With the exception of late Walter Mischel, Lee Ross, and Dick Nisbett, we are all interactionists (ok, maybe Costa & Mcrae are guilty of dispositionism). As Lewin told every body in 1934, behaviour is a function of the person and the situation, and the a priori probability that the interaction effect between the two is zero (the nil-hypothesis is false) is pretty much zero. So, our journals should be filled with examples of personality x situation interactions. Right? But they are not. Every once in a while when I try to update my lecture notes and look for good examples of a personality x situation interaction I can’t find good examples. One reason is of course the long history of studying situations and traits separately. However, experience sampling studies emerged in the 1980s and the data are ideally suited to look for interaction effects. Another problem is that interaction effects can be difficult to demonstrate because you need large samples to get significant results.

This time I had a solution to my problems. I have access to the German Socio-Economic Panel (SOEP) data. The SOEP has a large sample (N > 10,000), measured the Big Five four times over a 12-year period and many measures of situations like marriage, child birth, or unemployment. So, I could just run an analysis and find a personality x situation interaction. After all, in large samples, you always get p < .05. Right? If you think so, you might be interested to read on and find out what happened.

The Big Five were measure the first time in 2005 (wave v). I picked unemployment and neuroticism as predictors because it is well-known that neuroticism is a personality predictor of life-satisfaction and unemployment is a situational predictor of life-satisfaction. It also made sense that neurotic people might respond more strongly to a negative life-event. However, contrary to these expectations, the interaction was far from significant (p = .5), while the main effects of unemployment (-1.5) and neuroticism (-.5) were highly significant. The effect of unemployment is equivalent to a change by three standard deviations in neuroticism.

Undeterred, I looked for interactions with the other Big Five dimensions. Surely, I would find an explanation for the interaction when I found one. To make things simple, I added all five interactions to the model and, hooray, a significant interaction with conscientiousness popped up, p = .02.

Was I the first to discover this?

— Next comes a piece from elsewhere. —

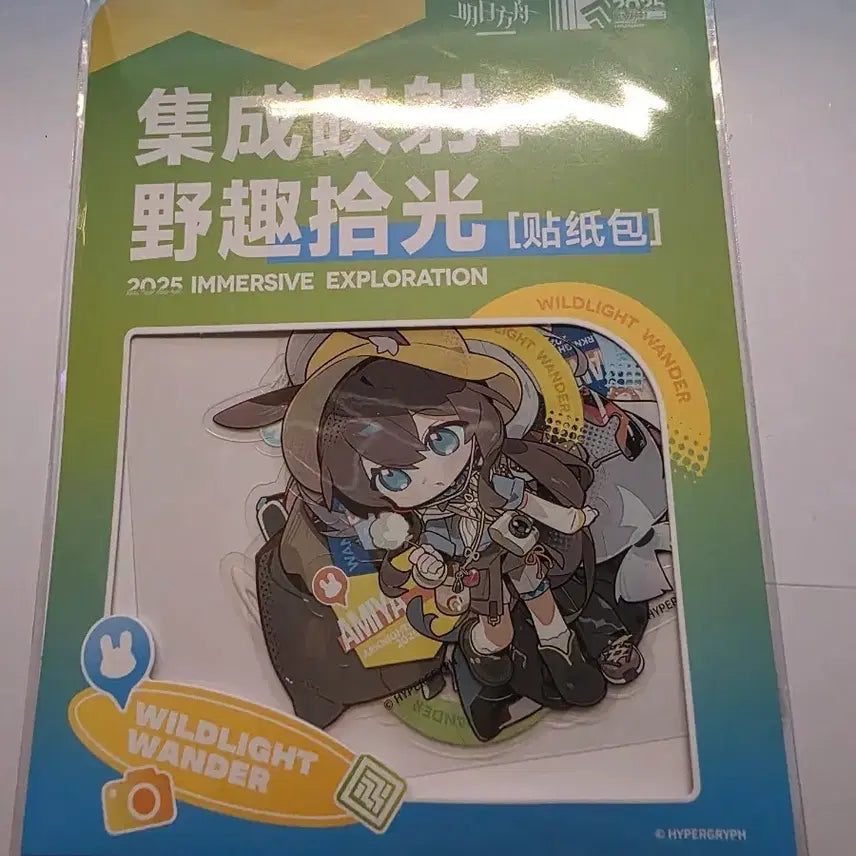 [BUNJANG] Arknights 2025 Festival Sticker Set (Sealed) / 명일방주 2025 페스 스티커 세트 미개봉
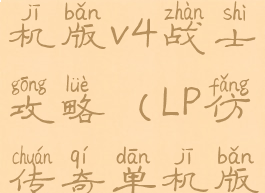 lp仿传奇单机版v4战士攻略(LP仿传奇单机版V4)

I quickly checked for articles and of course somebody else had beat me to the punch. There it was. In 2010, Boyce, Wood, and Brown had used the SOEP data to show that conscientious people respond more strongly to the loss of a job.

Five years later, a follow-up article came to the same conclusion.

A bit skeptical of p-values that are just below .02, I examined whether the interaction effect can be replicated. I ran the same analysis as I did with the 2005 data in 2009.

The effect size was cut in half and the p-value was no longer significant, p = .25. However, the results did replicate that none of the other four Big Five dimensions moderated the effect of unemployment.

So, what about the 2013 wave? Again not significant, although the effect size is again negative.

And what happened in 2017? A significant effect, hooray again, but this time the effect is positive.

Maybe the analyses are just not powerful enough. To increase power, we can include prior life-satisfaction as a predictor variable to control for some of the stable trait variance in life-satisfaction judgments. We are now only trying to predict changes in life-satisfaction in response to unemployment. In addition, we can include prior unemployment to make sure that the effect of unemployment is not due to some stable third variable.

We see that it is current unemployment that has a negative effect on life-satisfaction. Prior unemployment actually has a positive effect, suggesting some adaptation to long-term unemployment. Most important, the interaction between conscientiousness and current unemployment is not significant, p = .68.

The interaction was also non-significant in 2013, p = .69.

And there was no significant interaction in 2017, p = .38.

I am sure that I am not the first to look at this, especially given two published articles that reported a significant interaction. However, I suspect that nobody thought about sharing these results because the norm in psychology is still to report significant results. However, the key finding here appears to be that the Big Five traits do not systematically interact with a situation in explaining an important outcome.

So, I am still looking for a good demonstration of a personality x situation interaction that I can use for my lecture in the fall. Meanwhile, I know better than to use the published studies as an example.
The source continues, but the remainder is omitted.